Brooks back in the 5th State Senate District race
Daily Point
Brooks once more into the breach
State Sen. John Brooks, who says he’s been shaken by the massacre at an Uvalde, Texas elementary school and urged by activists, colleagues of both parties, and lobbyists to try to return to Albany next year, has decided to jump back into the race for the 5th District, he told The Point Thursday.
The third-term Seaford Democrat announced last week that, thanks largely to the way his district has been redrawn, he would not seek reelection.
“It was never really that I thought I couldn’t win,” Brooks said, though he acknowledges the new lines make for a tougher run. “It was honestly that this new district is so oddly drawn, running more north-to-south and less along the water, that I’m losing many of the communities where what I have fought for mattered most, and picking some up that have different compositions, and needs.”
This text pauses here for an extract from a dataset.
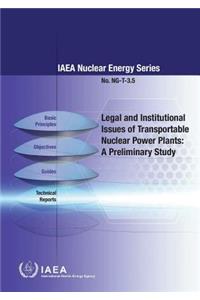Legal and Institutional Issues of Transportable Nuclear Power Plants: A Preliminary Study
Nassau County Legis. Steve Rhoads has been named by the Republican Party as its pick.
Newly added to the district are Hicksville, Bethpage and Levittown. One of Brooks’ Albany passions is a plan to cap residential property taxes at 50% of school budgets to aid districts with little commercial property, with the state picking up the difference. That goal may not be as high a priority in those three areas with significantly more retail as it was in some of the communities now removed from the district, like Massapequa, Copiague, Wyandanch, and Wheatley Heights.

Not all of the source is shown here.